What you will do: Every line of the records that holds the word "volume" should be copied out.

Stored items:
'''

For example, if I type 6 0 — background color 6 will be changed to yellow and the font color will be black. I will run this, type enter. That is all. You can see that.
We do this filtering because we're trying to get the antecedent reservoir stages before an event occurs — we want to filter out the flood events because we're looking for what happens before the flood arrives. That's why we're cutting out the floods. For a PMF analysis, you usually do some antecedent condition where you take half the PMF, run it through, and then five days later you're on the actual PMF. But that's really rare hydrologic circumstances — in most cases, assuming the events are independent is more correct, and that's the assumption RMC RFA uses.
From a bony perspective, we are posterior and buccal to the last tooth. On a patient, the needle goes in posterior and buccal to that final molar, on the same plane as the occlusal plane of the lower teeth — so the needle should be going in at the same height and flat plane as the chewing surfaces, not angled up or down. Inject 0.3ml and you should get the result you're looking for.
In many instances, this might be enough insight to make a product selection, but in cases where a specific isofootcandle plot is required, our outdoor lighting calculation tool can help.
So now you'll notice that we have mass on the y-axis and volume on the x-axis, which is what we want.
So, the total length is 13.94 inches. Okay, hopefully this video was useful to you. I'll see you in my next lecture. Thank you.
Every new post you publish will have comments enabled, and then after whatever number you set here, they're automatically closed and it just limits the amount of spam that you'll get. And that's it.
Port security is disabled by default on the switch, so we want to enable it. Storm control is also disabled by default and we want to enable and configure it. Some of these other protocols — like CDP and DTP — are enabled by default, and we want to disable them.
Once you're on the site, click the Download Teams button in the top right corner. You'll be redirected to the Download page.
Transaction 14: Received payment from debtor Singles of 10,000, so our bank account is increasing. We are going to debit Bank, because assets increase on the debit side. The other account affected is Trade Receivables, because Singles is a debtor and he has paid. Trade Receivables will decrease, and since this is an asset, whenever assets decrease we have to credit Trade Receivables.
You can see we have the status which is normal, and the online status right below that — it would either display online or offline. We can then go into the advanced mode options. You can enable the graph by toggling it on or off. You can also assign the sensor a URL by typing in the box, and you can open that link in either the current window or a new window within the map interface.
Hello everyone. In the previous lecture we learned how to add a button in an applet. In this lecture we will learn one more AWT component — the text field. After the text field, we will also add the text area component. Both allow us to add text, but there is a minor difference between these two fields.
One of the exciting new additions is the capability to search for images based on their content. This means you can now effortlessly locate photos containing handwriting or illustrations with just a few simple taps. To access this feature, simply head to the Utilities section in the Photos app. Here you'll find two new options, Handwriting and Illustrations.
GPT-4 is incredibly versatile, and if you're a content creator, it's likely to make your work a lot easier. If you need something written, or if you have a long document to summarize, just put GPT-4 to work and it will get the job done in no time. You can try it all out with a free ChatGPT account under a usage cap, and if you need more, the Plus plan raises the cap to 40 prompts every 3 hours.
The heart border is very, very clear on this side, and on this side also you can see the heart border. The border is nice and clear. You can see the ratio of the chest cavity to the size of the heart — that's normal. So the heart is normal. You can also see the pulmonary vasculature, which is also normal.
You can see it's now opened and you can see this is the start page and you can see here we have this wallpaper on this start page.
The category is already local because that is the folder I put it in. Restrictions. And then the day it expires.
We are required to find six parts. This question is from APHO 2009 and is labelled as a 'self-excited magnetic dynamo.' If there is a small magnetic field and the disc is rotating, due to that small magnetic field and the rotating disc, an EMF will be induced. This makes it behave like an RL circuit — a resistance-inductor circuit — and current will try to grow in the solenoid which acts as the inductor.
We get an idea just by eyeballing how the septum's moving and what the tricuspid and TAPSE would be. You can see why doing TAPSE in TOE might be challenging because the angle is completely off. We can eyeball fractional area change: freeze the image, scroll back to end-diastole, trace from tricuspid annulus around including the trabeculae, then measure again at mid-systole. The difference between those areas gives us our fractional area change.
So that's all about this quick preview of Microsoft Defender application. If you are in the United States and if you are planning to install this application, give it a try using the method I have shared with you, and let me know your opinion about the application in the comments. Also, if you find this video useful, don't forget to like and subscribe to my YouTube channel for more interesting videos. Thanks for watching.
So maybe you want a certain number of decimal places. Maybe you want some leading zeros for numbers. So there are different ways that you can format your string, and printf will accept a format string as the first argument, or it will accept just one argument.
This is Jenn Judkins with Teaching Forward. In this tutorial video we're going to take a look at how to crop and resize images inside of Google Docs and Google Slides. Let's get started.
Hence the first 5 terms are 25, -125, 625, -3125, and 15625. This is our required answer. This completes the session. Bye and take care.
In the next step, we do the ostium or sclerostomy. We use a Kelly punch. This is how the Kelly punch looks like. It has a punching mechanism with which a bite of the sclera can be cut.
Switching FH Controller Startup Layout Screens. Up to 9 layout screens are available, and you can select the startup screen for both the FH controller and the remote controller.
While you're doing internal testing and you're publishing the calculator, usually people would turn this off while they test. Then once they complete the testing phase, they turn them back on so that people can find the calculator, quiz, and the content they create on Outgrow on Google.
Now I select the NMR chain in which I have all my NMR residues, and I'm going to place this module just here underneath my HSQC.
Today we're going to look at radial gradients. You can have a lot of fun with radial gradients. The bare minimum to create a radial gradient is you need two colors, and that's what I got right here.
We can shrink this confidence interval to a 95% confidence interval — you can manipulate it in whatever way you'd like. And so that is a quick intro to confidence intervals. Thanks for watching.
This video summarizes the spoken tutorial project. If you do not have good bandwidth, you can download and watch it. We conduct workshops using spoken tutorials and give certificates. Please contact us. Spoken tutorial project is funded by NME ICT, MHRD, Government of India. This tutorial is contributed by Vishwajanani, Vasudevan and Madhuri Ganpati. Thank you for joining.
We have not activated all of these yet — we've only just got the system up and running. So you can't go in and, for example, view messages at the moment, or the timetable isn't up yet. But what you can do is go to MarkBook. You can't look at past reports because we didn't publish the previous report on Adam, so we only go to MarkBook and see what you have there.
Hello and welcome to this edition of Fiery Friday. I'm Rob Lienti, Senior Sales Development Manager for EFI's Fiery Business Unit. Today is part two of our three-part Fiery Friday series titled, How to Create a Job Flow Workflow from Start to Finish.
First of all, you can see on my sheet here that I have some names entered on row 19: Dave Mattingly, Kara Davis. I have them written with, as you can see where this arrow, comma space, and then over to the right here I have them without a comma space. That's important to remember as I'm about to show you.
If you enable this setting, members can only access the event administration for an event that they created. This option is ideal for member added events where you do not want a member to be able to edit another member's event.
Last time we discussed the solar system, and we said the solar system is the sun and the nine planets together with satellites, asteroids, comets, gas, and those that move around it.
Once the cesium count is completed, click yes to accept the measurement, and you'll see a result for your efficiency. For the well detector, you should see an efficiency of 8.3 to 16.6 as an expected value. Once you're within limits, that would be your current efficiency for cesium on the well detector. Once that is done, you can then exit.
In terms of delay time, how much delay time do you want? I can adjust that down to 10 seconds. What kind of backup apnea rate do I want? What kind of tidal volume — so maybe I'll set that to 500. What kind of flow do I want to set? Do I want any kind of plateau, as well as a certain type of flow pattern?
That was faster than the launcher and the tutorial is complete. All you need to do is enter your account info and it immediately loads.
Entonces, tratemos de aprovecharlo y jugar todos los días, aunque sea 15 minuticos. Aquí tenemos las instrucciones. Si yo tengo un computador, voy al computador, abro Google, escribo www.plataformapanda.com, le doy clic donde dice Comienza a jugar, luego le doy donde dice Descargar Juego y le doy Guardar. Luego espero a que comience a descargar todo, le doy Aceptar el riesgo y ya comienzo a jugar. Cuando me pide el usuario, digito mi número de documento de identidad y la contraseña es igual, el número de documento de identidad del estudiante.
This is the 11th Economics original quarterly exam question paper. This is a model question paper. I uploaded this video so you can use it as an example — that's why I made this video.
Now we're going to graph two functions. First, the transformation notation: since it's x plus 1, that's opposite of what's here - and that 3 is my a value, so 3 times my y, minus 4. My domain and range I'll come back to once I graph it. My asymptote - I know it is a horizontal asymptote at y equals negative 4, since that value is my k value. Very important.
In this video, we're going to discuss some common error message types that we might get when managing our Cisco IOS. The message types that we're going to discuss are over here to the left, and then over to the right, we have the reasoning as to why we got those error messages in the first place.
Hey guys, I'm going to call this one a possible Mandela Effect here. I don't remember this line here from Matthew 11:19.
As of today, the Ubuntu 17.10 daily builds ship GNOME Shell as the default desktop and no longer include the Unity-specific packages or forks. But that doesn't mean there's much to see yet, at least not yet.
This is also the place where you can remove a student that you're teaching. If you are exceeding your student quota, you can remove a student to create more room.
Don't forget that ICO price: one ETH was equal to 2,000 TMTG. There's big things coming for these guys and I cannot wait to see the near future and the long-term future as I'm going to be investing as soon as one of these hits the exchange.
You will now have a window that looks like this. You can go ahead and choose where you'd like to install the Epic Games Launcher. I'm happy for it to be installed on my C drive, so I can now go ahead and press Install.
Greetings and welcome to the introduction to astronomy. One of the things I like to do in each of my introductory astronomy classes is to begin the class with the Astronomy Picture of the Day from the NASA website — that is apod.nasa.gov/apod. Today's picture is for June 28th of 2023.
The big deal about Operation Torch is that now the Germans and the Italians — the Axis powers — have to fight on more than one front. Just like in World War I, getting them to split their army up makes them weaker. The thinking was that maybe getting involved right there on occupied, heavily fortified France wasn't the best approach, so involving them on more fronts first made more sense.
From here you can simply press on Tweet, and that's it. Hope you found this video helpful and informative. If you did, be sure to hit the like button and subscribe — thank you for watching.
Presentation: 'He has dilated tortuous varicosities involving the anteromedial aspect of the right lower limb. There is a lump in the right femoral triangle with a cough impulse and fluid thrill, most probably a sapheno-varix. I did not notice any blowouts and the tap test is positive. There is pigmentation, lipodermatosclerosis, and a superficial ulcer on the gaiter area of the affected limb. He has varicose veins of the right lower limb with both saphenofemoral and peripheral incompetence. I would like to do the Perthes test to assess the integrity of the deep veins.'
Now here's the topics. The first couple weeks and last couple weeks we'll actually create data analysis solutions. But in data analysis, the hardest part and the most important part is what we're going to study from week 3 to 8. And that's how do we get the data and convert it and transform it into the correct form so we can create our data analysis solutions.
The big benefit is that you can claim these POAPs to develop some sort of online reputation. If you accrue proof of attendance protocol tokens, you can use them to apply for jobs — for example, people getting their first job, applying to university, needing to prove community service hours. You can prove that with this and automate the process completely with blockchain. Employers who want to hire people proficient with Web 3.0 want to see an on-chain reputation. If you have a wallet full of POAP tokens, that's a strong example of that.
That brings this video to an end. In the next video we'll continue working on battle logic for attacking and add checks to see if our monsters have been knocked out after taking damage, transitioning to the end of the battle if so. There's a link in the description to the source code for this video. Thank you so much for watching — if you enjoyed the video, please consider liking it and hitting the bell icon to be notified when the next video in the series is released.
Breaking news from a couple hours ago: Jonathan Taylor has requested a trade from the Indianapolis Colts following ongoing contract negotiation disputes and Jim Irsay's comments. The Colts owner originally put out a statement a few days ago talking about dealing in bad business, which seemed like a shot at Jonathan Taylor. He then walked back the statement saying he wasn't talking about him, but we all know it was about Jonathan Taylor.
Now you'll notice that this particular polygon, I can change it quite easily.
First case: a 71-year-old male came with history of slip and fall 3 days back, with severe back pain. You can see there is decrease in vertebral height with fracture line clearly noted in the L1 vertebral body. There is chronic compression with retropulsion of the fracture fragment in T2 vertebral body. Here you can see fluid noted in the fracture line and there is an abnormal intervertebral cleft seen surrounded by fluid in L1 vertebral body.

'''

Exercise solution:
So now you'll notice that we have mass on the y-axis and volume on the x-axis, which is what we want.
In terms of delay time, how much delay time do you want? I can adjust that down to 10 seconds. What kind of backup apnea rate do I want? What kind of tidal volume — so maybe I'll set that to 500. What kind of flow do I want to set? Do I want any kind of plateau, as well as a certain type of flow pattern?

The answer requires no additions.